Troubleshooting replication and revision creation

Revision creation and replication of data objects are handled asynchronously. Policies add metadata attributes to data objects that need to be replicated or have a new revision. The replication and revision creation cronjobs process these data objects asynchronously.

Generic information about these background jobs can be found on the page about background processes. This page contains advice regarding how to troubleshoot these processes.

In Yoda 1.9 and higher, the revision and replication jobs run in verbose mode by default, which means the rodsLog typically has information regarding which data objects are being processed by these jobs. A good first step is to look up in the rodsLog what the relevant job is doing and whether the jobs show any errors, in particular permission errors (which are a common cause of replication/revision errors). When in doubt about whether permissions are correct, you can use the iget command to verify that a data object is accessible to the rods account.

If a job is not configured to run in verbose mode, you can run it in verbose mode manually (see below).

Running a job in verbose mode manually

If a data object is not replicated or does not get a new revision, first check whether this behaviour is caused by configured delay parameters (async_replication_delay_time and async_revision_delay_time). If this is not the case, consider stopping and temporarily disabling the background process cronjob for troubleshooting. This can be done by temporarily setting the background process stop flag (/ZONE/yoda/flags/stop_replication or /ZONE/yoda/flags/stop_revisions) and waiting for the job to finish. See the page about setting job flags for more information.

The iquest command can be used to print a list of data objects that are queued for replication or revision creation. Example for replication:

iquest "%s/%s" --no-page "SELECT COLL_NAME, DATA_NAME  where META_DATA_ATTR_NAME = 'org_replication_scheduled'"
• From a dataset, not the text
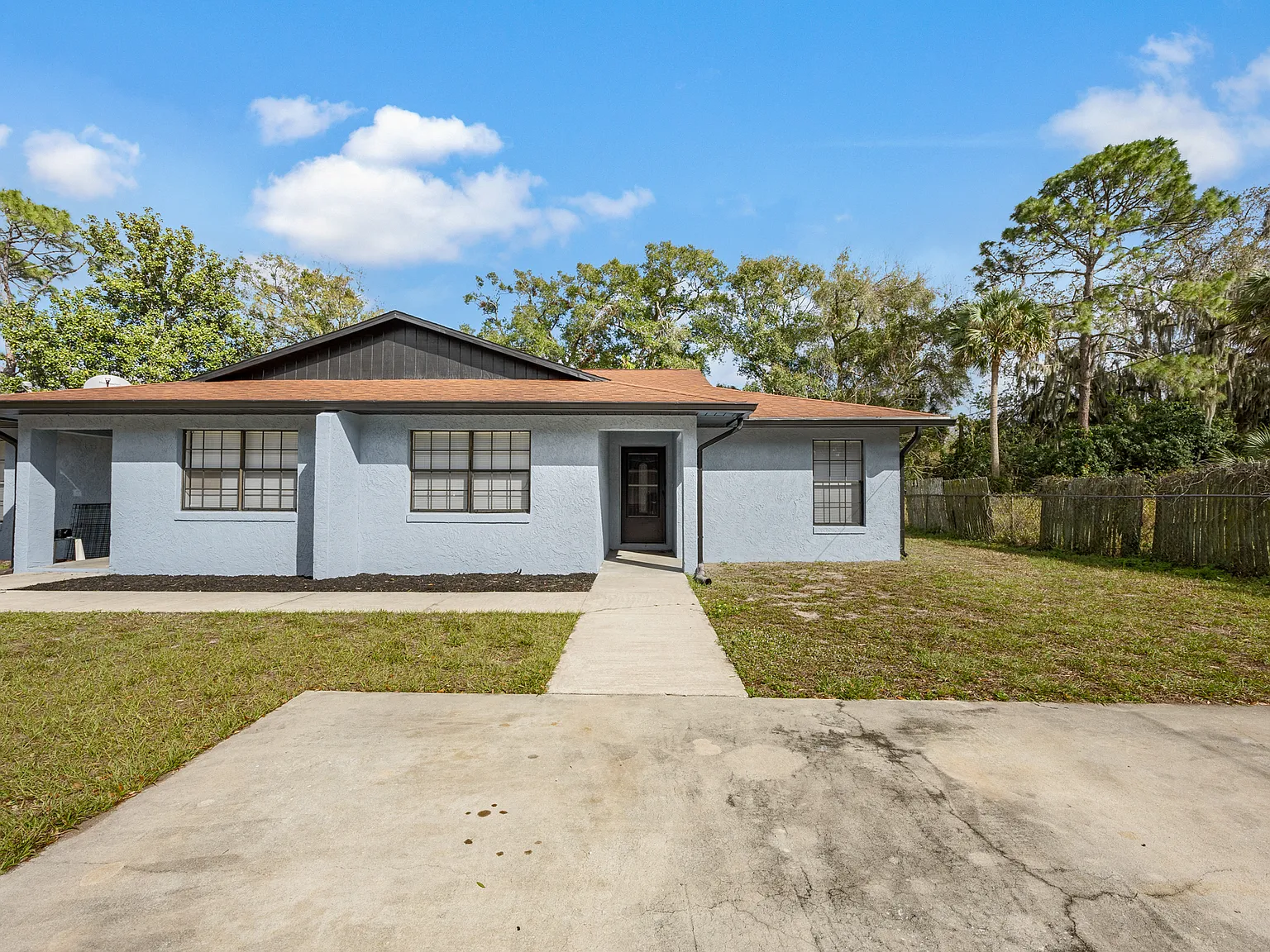 3 bed, 1346 sqft, $1,600 — Photo 1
If it seems that the background job is failing, or a data object is not getting processed despite having the expected metadata attribute, you could run the background job in verbose mode. Remember to remove the stop flag of the process first; otherwise the background job will not start. If many data objects (or large data objects) are queued for replication or revision creation it may be advisable to run the job in a tmux session. Running the jobs in verbose mode will log additional information about data objects being processed to the rodsLog. Example command for the replication job:

/bin/python /etc/irods/yoda-ruleset/tools/async-data-replicate.py -v

Running a job in dry run mode

Both the replication and revision creation jobs can be run in dry run mode, which means that they will not create any replications or revisions, but simulate what would happen if they did. The parameters are async_replication_dry_run and ` async_revision_dry_run` for replication and revision, respectively.